I found slides from a talk given by John MacFarlane The talk is 5½ years old, but it’s probably still relevant, right? , with an associated repo containing some exercises for the unininitiated. I headed over to the Pandoc documentation on filters and got to work. After looking over the docs, I loaded up the example written there. It’s introduced as “A simple example,” but took an hour of debugging to get working. Aside from the type errors when trying to compile the filter, running it gave me an entirely different set of problems: when trying to run pandoc -f markdown -t HTML5 --filter behead.hs, I kept getting a message of Could not find executable runhaskell. I tried stack build runhaskell, only to get Unknown package: runhaskell.

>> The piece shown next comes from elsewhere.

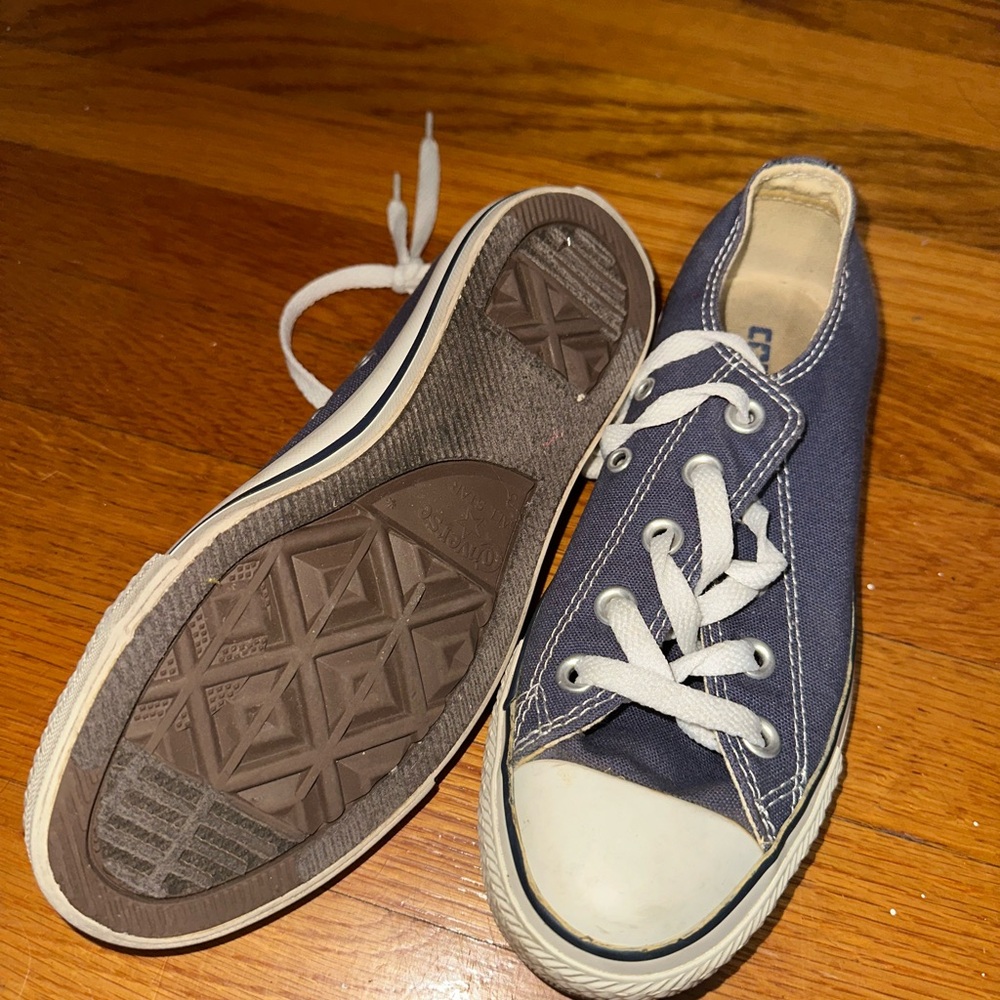 Navy Blue converse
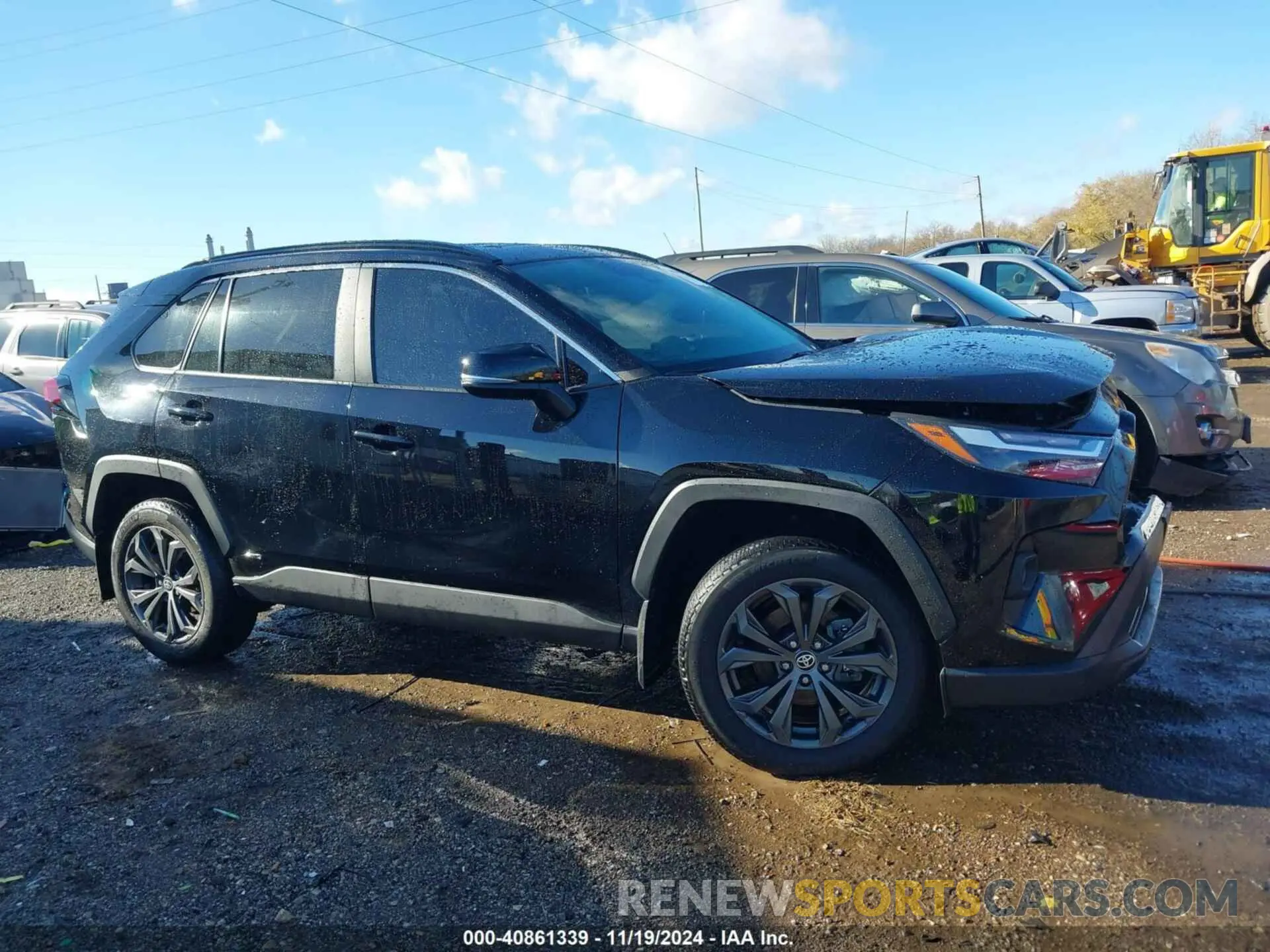 13 Photograph of a damaged car 4T3B6RFVXNU102603 TOYOTA RAV4 HYBRID 2022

It turned out wrapping everything in stack exec fixed this problem for me: stack exec -- pandoc -f markdown -t HTML5 --filter behead.hs works great. I got myriad errors about type signatures; the API must have changed for writing these filters. In the end, I ended up deleting much of the example. The definition of the main function: main = interact (writeDoc . walk behead . readDoc) relied on Pandoc’s internals accepting Strings, and the intermediate functions that wrapped the important parts of the filter, writeDoc and readDoc, were written expecting Markdown specifically. toJSONFilter is much more general than that, so once I discovered that, I wrapped behead in that and deleted everything else:

-- behead.hs
import Text.Pandoc
import Text.Pandoc.JSON

behead :: Block -> Block
behead (Header n _ xs) | n >= 2 = Para [Emph xs]
behead x = x

main :: IO ()
main = toJSONFilter behead

My first working Pandoc filter! This felt like a substantial win: it’s surprisingly harder than you think to find examples of viable Pandoc filters written in Haskell. I expect the interface changed recently, so this post might be helpful. I’ll also open a pull request to update the filter docs.

My to-do list is getting away from me, and I won’t have time to return to this development for a week at least. I am sad to see a lack of syntax highlighting in the haskell code in this post, and I’d like to get back to this to fix it… but in the spirit of publishing things where possible, I’ll leave this here.